Reputation: 4233
I'm trying to web-scrape a page on www.roblox.com that requires me to be logged in. I have done this using the .ROBLOSECURITY cookie, however, that cookie changes every few days. I want to instead log in using the login form and Python. The form and what I have so far is below. I do NOT want to use any add-on libraries like mechanize or requests.
Form:
<form action="/newlogin" id="loginForm" method="post" novalidate="novalidate" _lpchecked="1">
<div id="loginarea" class="divider-bottom" data-is-captcha-on="False">
<div id="leftArea">
<div id="loginPanel">
<table id="logintable">
<tbody>
<tr id="username">
<td><label class="form-label" for="Username">Username:</label></td>
<td><input class="text-box text-box-medium valid" data-val="true" data-val-required="The Username field is required." id="Username" name="Username" type="text" value="" autocomplete="off" aria-required="true" aria-invalid="false" style="cursor: auto; background-image: url(data:image/png;base64,iVBORw0KGgoAAAANSUhEUgAAAAEAAAABCAQAAAC1HAwCAAAAC0lEQVR4nGP6zwAAAgcBApocMXEAAAAASUVORK5CYII=);"></td>
</tr>
<tr id="password">
<td><label class="form-label" for="Password">Password:</label></td>
<td><input class="text-box text-box-medium" data-val="true" data-val-required="The Password field is required." id="Password" name="Password" type="password" autocomplete="off" style="cursor: auto; background-image: url(data:image/png;base64,iVBORw0KGgoAAAANSUhEUgAAAAEAAAABCAQAAAC1HAwCAAAAC0lEQVR4nGP6zwAAAgcBApocMXEAAAAASUVORK5CYII=);"></td>
</tr>
</tbody>
</table>
<div>
</div>
<div>
<div id="forgotPasswordPanel">
<a class="text-link" href="/Login/ResetPasswordRequest.aspx" target="_blank">Forgot your password?</a>
</div>
<div id="signInButtonPanel" data-use-apiproxy-signin="False" data-sign-on-api-path="https://api.roblox.com/login/v1">
<a roblox-js-onclick="" class="btn-medium btn-neutral">Sign In</a>
<a roblox-js-oncancel="" class="btn-medium btn-negative">Cancel</a>
</div>
<div class="clearFloats">
</div>
</div>
<span id="fb-root">
<div id="SplashPageConnect" class="fbSplashPageConnect">
<a class="facebook-login" href="/Facebook/SignIn?returnTo=/home" ref="form-facebook">
<span class="left"></span>
<span class="middle">Login with Facebook<span>Login with Facebook</span></span>
<span class="right"></span>
</a>
</div>
</span>
</div>
</div>
<div id="rightArea" class="divider-left">
<div id="signUpPanel" class="FrontPageLoginBox">
<p class="text">Not a member?</p>
<h2>Sign Up to Build & Make Friends</h2>
<a roblox-js-onsignup="" class="btn-medium btn-primary">Sign Up</a>
</div>
</div>
</div>
<input id="ReturnUrl" name="ReturnUrl" type="hidden" value="">
</form>
What I have so far:
import cookielib
import urllib
import urllib2
cj = cookielib.CookieJar()
opener = urllib2.build_opener(urllib2.HTTPCookieProcessor(cj))

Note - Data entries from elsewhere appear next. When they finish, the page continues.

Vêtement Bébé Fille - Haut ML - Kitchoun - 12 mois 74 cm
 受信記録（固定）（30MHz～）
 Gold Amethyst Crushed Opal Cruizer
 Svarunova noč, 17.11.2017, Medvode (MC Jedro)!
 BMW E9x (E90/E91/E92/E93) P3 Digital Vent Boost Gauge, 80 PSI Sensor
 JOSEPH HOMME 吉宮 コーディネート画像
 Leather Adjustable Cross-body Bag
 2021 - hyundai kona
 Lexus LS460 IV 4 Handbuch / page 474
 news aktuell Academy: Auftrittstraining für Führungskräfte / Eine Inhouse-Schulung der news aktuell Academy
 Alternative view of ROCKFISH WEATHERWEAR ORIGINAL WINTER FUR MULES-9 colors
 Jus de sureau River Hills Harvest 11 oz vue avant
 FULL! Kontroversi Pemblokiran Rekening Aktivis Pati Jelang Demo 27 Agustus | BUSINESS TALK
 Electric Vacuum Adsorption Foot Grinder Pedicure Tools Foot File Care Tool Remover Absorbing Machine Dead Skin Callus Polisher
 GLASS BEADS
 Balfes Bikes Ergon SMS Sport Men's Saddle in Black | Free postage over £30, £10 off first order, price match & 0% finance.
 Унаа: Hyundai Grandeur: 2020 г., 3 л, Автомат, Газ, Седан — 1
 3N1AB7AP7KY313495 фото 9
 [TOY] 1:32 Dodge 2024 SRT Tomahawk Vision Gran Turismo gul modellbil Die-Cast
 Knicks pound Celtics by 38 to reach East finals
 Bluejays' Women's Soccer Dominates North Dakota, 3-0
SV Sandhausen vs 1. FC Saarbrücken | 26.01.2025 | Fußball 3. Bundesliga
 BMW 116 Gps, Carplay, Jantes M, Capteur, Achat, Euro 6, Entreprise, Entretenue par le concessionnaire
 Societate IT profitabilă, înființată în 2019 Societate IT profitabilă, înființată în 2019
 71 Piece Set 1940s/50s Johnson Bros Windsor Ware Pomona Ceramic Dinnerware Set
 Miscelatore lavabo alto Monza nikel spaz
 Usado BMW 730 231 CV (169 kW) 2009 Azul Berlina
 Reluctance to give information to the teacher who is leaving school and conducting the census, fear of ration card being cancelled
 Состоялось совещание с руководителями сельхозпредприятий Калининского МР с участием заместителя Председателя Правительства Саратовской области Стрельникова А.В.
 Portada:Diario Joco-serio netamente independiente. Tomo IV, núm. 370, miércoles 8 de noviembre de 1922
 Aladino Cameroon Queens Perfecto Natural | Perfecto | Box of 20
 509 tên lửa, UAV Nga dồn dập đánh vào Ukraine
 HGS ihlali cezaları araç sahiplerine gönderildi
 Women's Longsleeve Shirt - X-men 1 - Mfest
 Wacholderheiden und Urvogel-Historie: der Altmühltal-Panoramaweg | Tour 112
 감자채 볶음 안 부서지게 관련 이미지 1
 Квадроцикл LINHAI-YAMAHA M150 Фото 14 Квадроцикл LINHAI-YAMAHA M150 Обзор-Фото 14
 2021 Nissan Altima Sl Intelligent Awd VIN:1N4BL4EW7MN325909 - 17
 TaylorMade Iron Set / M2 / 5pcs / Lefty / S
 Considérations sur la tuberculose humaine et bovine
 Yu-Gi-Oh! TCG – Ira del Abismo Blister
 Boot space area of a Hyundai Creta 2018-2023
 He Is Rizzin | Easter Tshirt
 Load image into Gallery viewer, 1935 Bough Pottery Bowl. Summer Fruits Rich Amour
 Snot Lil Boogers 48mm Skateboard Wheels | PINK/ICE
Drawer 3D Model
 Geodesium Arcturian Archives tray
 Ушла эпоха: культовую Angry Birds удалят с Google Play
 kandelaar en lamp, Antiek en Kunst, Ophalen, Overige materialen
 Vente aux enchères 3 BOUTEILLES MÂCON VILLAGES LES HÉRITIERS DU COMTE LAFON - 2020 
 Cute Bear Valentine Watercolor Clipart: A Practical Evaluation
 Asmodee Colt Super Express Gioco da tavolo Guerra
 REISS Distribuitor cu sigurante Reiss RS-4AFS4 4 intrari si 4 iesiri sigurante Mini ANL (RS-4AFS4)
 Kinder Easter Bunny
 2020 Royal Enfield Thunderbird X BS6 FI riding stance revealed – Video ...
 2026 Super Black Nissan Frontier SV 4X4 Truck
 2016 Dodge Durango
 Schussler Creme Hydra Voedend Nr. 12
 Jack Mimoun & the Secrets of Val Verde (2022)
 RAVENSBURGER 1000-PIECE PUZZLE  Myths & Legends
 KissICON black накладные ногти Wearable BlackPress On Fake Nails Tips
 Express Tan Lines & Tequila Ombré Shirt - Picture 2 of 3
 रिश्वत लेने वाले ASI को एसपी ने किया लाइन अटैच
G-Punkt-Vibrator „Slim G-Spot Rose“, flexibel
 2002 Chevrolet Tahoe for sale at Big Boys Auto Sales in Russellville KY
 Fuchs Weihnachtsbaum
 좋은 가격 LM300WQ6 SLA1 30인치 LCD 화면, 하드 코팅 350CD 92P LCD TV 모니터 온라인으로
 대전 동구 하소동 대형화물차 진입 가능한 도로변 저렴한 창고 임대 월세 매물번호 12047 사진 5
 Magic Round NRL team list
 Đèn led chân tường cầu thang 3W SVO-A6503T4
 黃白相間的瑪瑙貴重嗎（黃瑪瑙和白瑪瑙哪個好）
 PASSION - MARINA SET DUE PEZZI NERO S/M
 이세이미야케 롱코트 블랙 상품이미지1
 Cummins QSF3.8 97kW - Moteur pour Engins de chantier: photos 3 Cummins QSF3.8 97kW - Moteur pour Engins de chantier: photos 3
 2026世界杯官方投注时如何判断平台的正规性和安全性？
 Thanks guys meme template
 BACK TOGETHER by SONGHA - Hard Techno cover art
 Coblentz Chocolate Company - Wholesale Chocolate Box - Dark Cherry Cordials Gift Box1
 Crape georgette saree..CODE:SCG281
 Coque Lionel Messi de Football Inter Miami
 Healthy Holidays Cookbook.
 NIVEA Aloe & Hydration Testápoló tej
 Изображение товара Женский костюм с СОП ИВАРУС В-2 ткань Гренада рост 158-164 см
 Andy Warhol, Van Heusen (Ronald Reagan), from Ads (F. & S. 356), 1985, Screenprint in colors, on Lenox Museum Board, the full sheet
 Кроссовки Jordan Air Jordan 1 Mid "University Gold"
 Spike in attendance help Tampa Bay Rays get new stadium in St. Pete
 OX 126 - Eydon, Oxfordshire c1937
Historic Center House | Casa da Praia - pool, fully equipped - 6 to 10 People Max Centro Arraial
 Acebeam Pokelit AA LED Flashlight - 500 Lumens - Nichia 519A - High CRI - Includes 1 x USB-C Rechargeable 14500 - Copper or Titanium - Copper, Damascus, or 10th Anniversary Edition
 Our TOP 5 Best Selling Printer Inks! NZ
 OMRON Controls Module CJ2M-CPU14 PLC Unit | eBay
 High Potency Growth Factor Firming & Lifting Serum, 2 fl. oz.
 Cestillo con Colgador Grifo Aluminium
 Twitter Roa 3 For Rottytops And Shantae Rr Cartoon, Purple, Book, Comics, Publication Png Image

opener.addheaders = [('User-agent', 'Mozilla/5.0')]
urllib2.install_opener(opener)
authentication_url = 'http://www.roblox.com/newlogin'
payload = {
'ReturnUrl' : 'http://www.roblox.com/home',
'Username' : 'usernamehere',
'Password' : 'passwordhere'
}
data = urllib.urlencode(payload)
req = urllib2.Request(authentication_url, data)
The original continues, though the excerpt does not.